Shortly after RN Caroline Miller gave birth to her first child nine years ago, she began experiencing intrusive thoughts that made life debilitating at times. She would lie awake at night planning how she’d rescue her child from her car if she suddenly drove off the road. She was scared to do dishes in case she dropped a sharp utensil near her child. She was nervous to go down the stairs while holding her baby in case she fell.
Miller was experiencing postpartum depression and anxiety but had to languish on a waitlist for the one and only perinatal mental health program that her Sudbury hospital offered. It wasn’t until after she welcomed her second child three years later that she was finally referred to the program, diagnosed and prescribed medication. “I look back and think ‘wow, there was no support for me,’” Miller says. “There was nothing other than medication that I had access to.” This speaks to the “large gap in perinatal health services in Northern Ontario,” she adds.

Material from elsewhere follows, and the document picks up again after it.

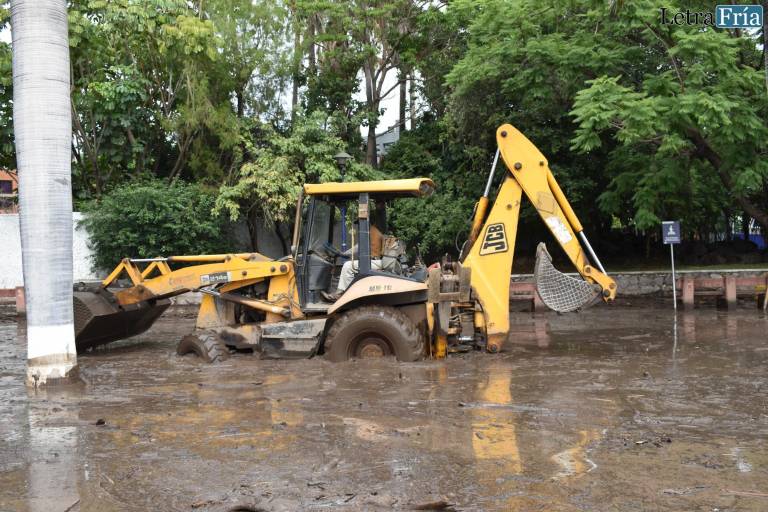 Desbordamiento de arroyo en Autlán, Jalisco, deja siete muertos y nueve desaparecidos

At the time, Miller was working as a cardiac nurse at Health Sciences North in Sudbury. Her personal experience led her to change direction and pursue psychotherapy to provide moms with the much-needed perinatal health support she didn’t get.
In January 2022, Miller began working independently, helping new moms understand the source of intrusive thoughts and fears as a way to heal. “By the time I got started on medication, I was…just about suicidal,” she recalls. “To be able to prevent people from getting to that place and tell them there is a light at the end of the tunnel is amazing.”
According to the Canadian Mental Health Association, approximately 23 per cent of Canadian mothers experience postpartum depression or anxiety disorders.